Sprouse et al. (2013) adopted the estimate from the linear mixed effects model in the FC task as the point estimate of convergence. We agreed with this decision for two reasons. First of all, research on design sensitivity and statistical power of grammaticality judgment tasks has shown that among various experimental paradigms, FC task is the most sensitive task for detecting differences between two conditions and has the highest within-and-between participant reliability (Sprouse and Almeida, 2017; Langsford et al., 2018). Second, linear mixed effects model treats items as random effects, reducing false positive rate (Jaeger, 2008). By adopting the estimate from the linear mixed effect model in the FC task, the convergence rate in grammatical intuition between ChatGPT and linguists is 89%. Given that the distribution of the convergence rate is unknown, determining whether a convergence rate of 89% is notably high or low remains challenging. Nevertheless, considering that our re-analysis of Sprouse et al. (2013) We reanalyzed the human data from Sprouse et al. (2013) following their original procedure using most up-to-date statistical packages. (Scripts are available from the OSF repository of this project: https://osf.io/crftu/)’s human data yielded a 91% convergence rate between laypeople and linguists; we interpret the 89% ChatGPT-linguist rate as comparatively high.

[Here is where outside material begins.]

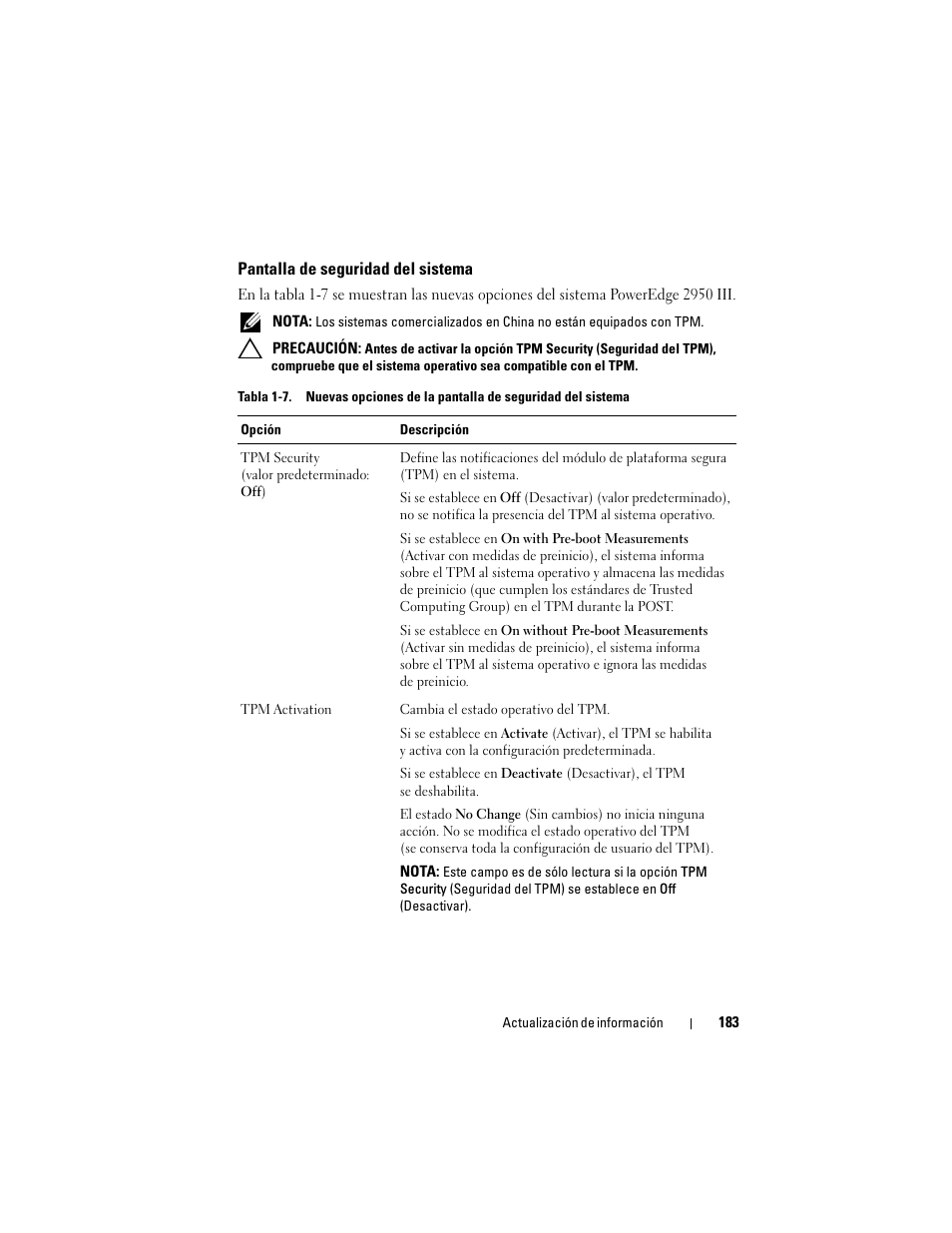 Pantalla de seguridad del sistema | Dell POWEREDGE 2950 User Manual | Page 183 / 186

This high convergence rate in grammaticality judgment between ChatGPT and linguists is consistent with the findings of Zhou et al. (2025), who recorded the activation patterns of LLMs with inputs from different syntactic categories. They found that when the syntactic category of the inputs was narrowly defined by linguists (such as “anaphor gender agreement” and “adjunct island”), LLMs’ activation patterns remained similar across input sentences of the same syntactic category but differed across different syntactic categories. Our research added to Zhou et al. (2025), suggesting that LLMs, such as ChatGPT, were not only in line with linguists in recognizing sentences of different syntactic categories, but they also judged the grammaticality of these sentences in the same direction as linguists. These findings have significant implications for natural language understanding, with ChatGPT demonstrating the potential to contribute to linguistic studies, particularly those that require judgment data.

However, as an anonymous reviewer correctly pointed out, all three experiments in this project tasked ChatGPT with the judgment of sentence grammaticality in a relative and gradient fashion, which is different from the real-life practice of spotting grammatical anomaly among otherwise well-constructed sentences. If linguists can detect grammatical errors according to their theoretical orientations, it is an intriguing question whether large language models like ChatGPT can detect and correct grammatical errors the same way as linguists do. Addressing these questions in future research can help enhance the linguistic capabilities of large language models like ChatGPT, paving the way for more effective and nuanced natural language processing systems.

Conclusion

In conclusion, this research has undertaken a comprehensive investigation into the alignment of grammatical knowledge between ChatGPT, laypeople, and linguists, shedding light on the capabilities and limitations of AI-driven language models in approximating human linguistic intuitions. The findings indicate significant correlations between ChatGPT and both laypeople and linguists in various grammaticality judgment tasks. This study also reveals nuanced differences in response patterns, influenced significantly by the specific task paradigms employed. This study contributes to the ongoing discourse surrounding the linguistic capabilities of artificial intelligence and the nature of linguistic cognition in humans, calling for further exploration of the evolving landscape of linguistic cognition in humans and artificial intelligence.